Members support all operations of the club, from the ground's care, dock set up and tear down, to everything in between. All members are assigned to a committee, such as Grounds or Haul and Launch. In addition, members must attend a fall and spring work party, 2 mandatory club meeting, and 2 other club meetings each year.
Throughout the year, the club hosts a number of events for its members, such as a 4th of July party, Fleet Captain's Cruise, and annual Halloween and Christmas parties, among many others.
2022 Fleet Captain's Cruise to Gildersleeve Island
A 1916 picture of Middletown and Portland
A long history...
William Walter Wilcox, a Middletown, CT native, acquired a controlling interest in a grommet manufacturing company in Middletown - Wilcox, Crittenden & Co. in the late 1800s.
In 1907, William Wilcox Jr. donated land on the Portland side of the Connecticut River for use by future generations.
On Sept. 1, 1908, the Meriden Motor Boat Club was formed during a meeting of 25 Meriden boat owners that took place on an evening in early September at the Cook Avenue home of Clayton E. Brewer, who at that meeting was also elected the club’s first Commodore.
Brewer owned a 20-foot motor boat named Nellie. At the end of October that year the members found the land along the CT River in Portland that was owned by Wilcox and Crittenden Company and the land was eventually deeded to MMBC members for safe, enjoyable and affordable boating.
It was established as "a working man's club"
"We think of the camaraderie we have today and wonder if the organizers and Mr. Wilcox could have imagined what they started and how much the many current members feel about the roots of the MMBC."- Middletown Press 2008 club official on 100-year anniversary.
Wilcox, Crittenden & Co.
In 1869, Wilcox formed a partnership with three of the younger men of his organization, Albert R. Crittenden, E. Bound Chaffee, and Homer Churchill. Crittenden purchased a tenth interest in the business for $5,000, and name of the firm was changed to Wilcox, Crittenden & Company.

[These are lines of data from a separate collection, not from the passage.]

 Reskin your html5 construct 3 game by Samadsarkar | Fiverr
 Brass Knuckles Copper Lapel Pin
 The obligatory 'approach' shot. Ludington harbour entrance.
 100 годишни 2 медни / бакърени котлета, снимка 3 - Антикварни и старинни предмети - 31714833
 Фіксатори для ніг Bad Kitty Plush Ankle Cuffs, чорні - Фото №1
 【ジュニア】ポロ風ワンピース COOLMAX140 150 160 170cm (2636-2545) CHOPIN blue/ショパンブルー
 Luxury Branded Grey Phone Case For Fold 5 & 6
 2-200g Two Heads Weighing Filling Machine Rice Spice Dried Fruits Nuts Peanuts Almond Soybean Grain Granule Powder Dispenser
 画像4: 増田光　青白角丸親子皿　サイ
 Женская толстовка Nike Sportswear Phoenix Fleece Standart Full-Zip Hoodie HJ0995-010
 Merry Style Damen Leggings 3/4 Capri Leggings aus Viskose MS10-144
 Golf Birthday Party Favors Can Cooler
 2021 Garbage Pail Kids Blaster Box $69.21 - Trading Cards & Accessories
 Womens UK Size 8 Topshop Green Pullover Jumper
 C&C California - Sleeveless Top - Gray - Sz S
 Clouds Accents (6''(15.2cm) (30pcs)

In the maritime world, steam was gradually replacing sail, and the company's 1870 catalog offered such varying products as shackles, thimbles, ring bolts, "Ereful whistles," engine-room signals, boat nails "of good Swede's steel heavily galvanized," and cotton hooks "New Orleans pattern." A new outlet for sail makers was in manufacturing awnings and the company began stocking awning hardware as well. In 1883, Wilcox developed an improved brass grommet (which became known as the spur grommet), secured its approval as standard equipment by the British Admiralty, and eventually it was adopted by all the leading navies of the world. By the late 1880's, Wilcox, Crittenden & Company had become the largest manufacturers of marine hardware with the most diversified line in the United States. Two of the buildings still stand in Middletown on South Main Street.